I have to admit that I have never critically thought about the mechanism behind the regulation, but, rather fell into the trap of simply thinking that it made sense. However, I think that the paper by Holt and Hamill points to a compelling and plausible mechanism. Essentially, we walk most efficiently at a rate near the resonant frequency of our limbs when acting as damped pendulums. At speeds below this frequency, the subject is essentially actively damping the oscillation, an action that will take more immediate effort than matching the resonant frequency. At speeds above this frequency, the subject must exert more effort to increase the energy in the system with each step.
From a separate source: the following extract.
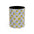 Lemon Blossom Ceramic Mug — Blue Floral Citrus Pattern (11oz & 15oz)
Muscular effort is generally perceived as a non linear, but monotonic exponential function which would provide a fairly simple, step by step perceptual feedback mechanism. Depending on the particular exponent for walking, this could be a pretty sensitive signal.
I suspect that the key is that the body is not performing some kind of complex temporal integration of energy across time, it simply needs to notice that speeds above and below the resonant frequency require more immediate effort on a step by step basis. I will admit that there is some hand waving here. However, the paper by Hold and Hamill (n=8) presents data that the predicted and actual stride periods, of an admittedly adjusted calculation, were within about 10% of each other, pretty good if you consider all of the non linearities and damping effects added into the system by the knee and soft tissues. Further, the paper by Minetti and Capelli (n=6) provides some compelling evidence that when walking at a given speed, we can actually pick a stride frequency that optimizes efficiency by modulating our stride length. Again, I suspect that the key is that the feedback loop is simply immediate effort.
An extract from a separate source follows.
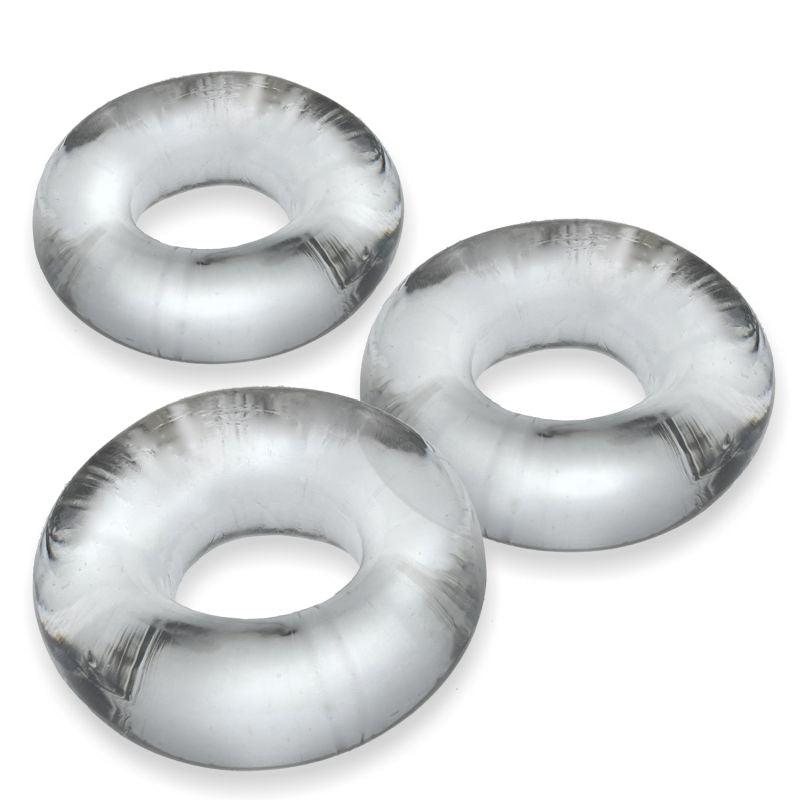 Fat Willy 3 Pc Jumbo Cockrings Clear - Adult Toys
As to the flatness of the curve, I suspect that if you subtracted off a metabolic baseline for standing still to get you closer to the actual effort due to traveling, you would have a doubling of the percentage changes. Mixing this with an exponential psychophysical perception of effort, and I think the mechanism is at least plausible.
Thanks, Mike, It’s great to get such a detailed reply. I’ve had a chance to look at these papers and have a few comments. (I only seem to be able to access the Introduction and Methods for Zarrugh and Ralston but I’ve been more successful with the other two)
I think you’ll find that all three papers you mention are looking at a slightly different question to Ralston’s in two respects. The first is that they all report energy rate (per time) rather than cost (per distance). The other is that they focus on the effects of varying cadence at constant speed. I agree that they present quite strong evidence that if we are constrained to walk at a constant speed we will choose to do so at a cadence that minimises energy rate.
They also both show that oxygen rate increases monotonically with speed. It would be really interesting to see these data re-analysed to present the variation of cost with speed rather than rate (of course the relationship with cadence at fixed speed will be the same because rate=cost/speed).
I would also add that Figure 1 in the paper from Minetti et al. (sorry, WordPress doesn’t allow pictures in comments) emphasises the flatness of these minima. The corresponding graph from Holt, Hamil and Andres crops and scales the axes in such a way that the minimum looks much more pronounced. It’s amazing how different this essentially similar relationship appears in the two papers just because the graphs are plotted differently.
So thanks for the comment – its been stimulating to look at this stuff. I’m still not convinced, however, that these papers answers the question of whether and how we choose walking speed to minimise energy cost!